BM: Eh, I’ve got to get fit – that’s what I’ve got to do. (Laughs)
AM: Do you mean like physically fit?
BM: Oh yeah, absolutely, because I really did get taken off guard the last time we were out. I didn’t do enough. So I’m determined that I’m going to be prepared physically this time, yeah.
AM: Wow, yeah, I suppose it does take a lot out of you.
BM: Oh yeah, it’s such a huge shock to your system, because I’m not used to that kind of thing. We do two and a half hours onstage, as you know, and it’s not standing there and being cool – it’s rushing around, and pretty intense. It almost killed me last time, so I’m going to make sure that I’m on top of it this time.
AM: All right. So how’s the old dady holding up? By that I mean your guitar.
BM: (Laughs) The old lady’s fine – yes, had a nice bit of TLC. We’ve taken her apart and done a few things, particularly the zero fret, which we’ve sorted.
BM: I didn’t do anything to the zero fret for the last thirty years - finally we have, and it’s made a big difference.
AM: Are you still playing the original Red Special for every show?
BM: Yep, absolutely. Oh yeah, she’s a part of me. (Laughs)
AM: I can’t remember if you pull out the Strat for the “Crazy Little Thing Called Love” solo, if you’re doing that.
BM: No, no - my guitar kind of more or less makes that noise, so I just change pickup settings.
AM: Right – now, I’ve always wondered, did you name it the Red Special, or did that come from somewhere else?
BM: Umm … I probably did name it, but it just grew up as a way of referring to it, really. I don’t actually know when or where that happened. Yeah, it was just “my guitar” in the beginning. (Laughs)
AM: Everyone else knows it as the Red Special now.
BM: Yes, it’s just kind of grown up, really.
AM: Now I had a question about when you worked on guitar parts with Freddie – for his songs – did he sing the melodies that he wanted you to play, or did he write them on piano and show them to you, or did he just give you full creative control just right from the beginning?
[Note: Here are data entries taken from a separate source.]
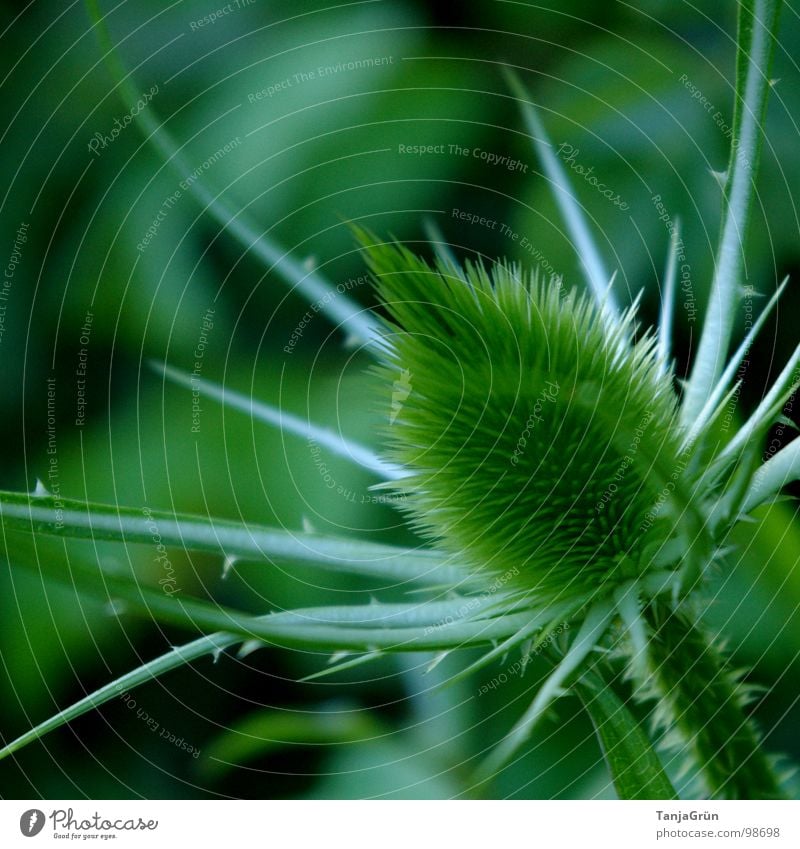 thistle Green Plant Pierce Growth Thorn Thistle Wayside Beautiful Field Macro (Extreme close-up) Close-up pointy Point noble weed prick Pain Nature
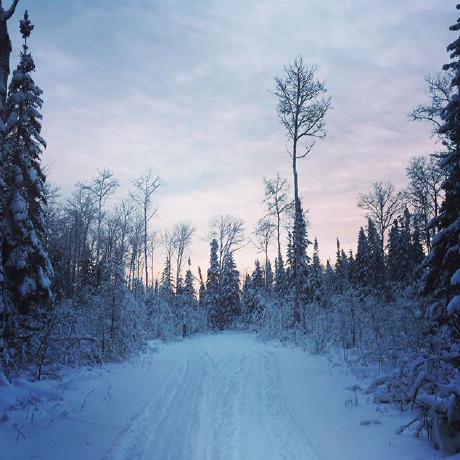 Philippe Bergeron Github - Colorful Background Collection - Full HD Quality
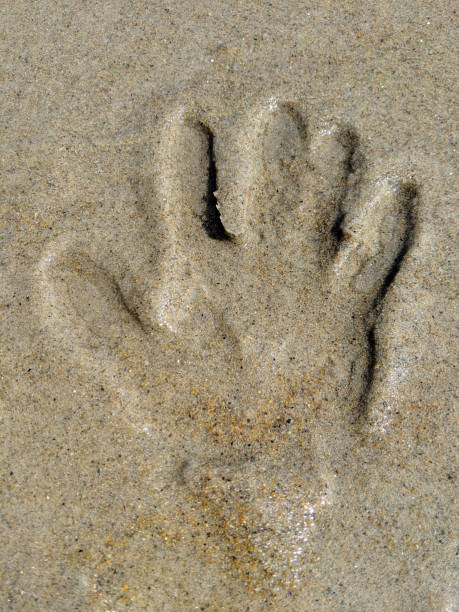 istock close up on hand print on beach sand 2070242474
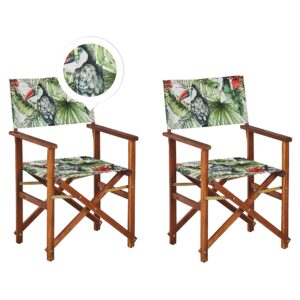 Set van 2 stoelen Hout Groen CINE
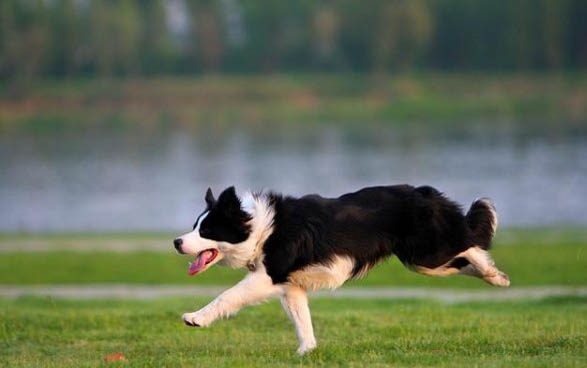 怎么样挑选边境牧羊犬？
BM: (Laughs) Normally I was already bursting with something I wanted to do, and that’s the way we worked with each other. We didn’t usually ask. We usually would play a template or sing to each other, but normally there was an immediate response, and almost in every case. If I was hearing him rehearsing a song on piano, I already would have some ideas in my head. In fact, I find it easier to have ideas for his stuff than for mine, in terms of soloing. I always found Freddie’s stuff very inspiring.
AM: Yeah, I know you’ve often said that you feel like you play your best guitar on other people’s songs.
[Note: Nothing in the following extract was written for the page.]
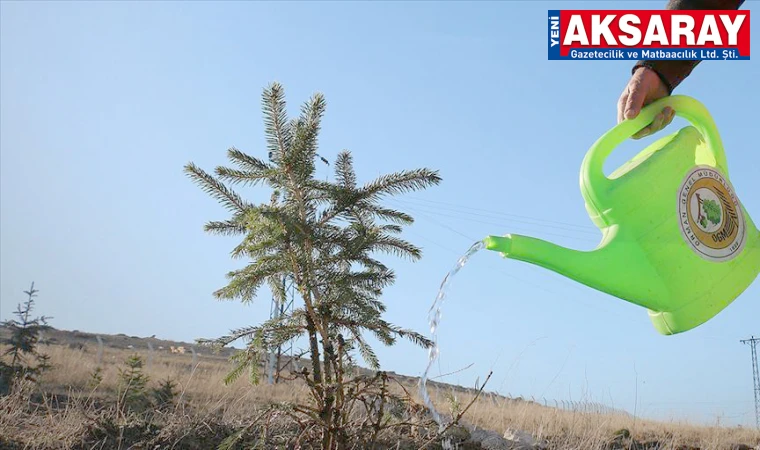 Yeşil Doğa Derneğinden fidan dikim çağrısı
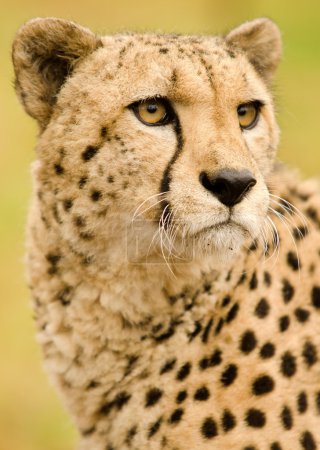 Amur Léopard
BM: Yes, I think so – things like “Killer Queen” and “Rhapsody,” they were always very inspiring. Maybe I felt freer. You know, with your own stuff there’s a bit of worry in the back of your mind – you know, “Am I being true to the song? Am I pursuing the original germ of the idea?” But with someone else’s song, you’re really liberated because you just feel what you feel, and if the person doesn’t want it, he’s going to tell you. (Laughs)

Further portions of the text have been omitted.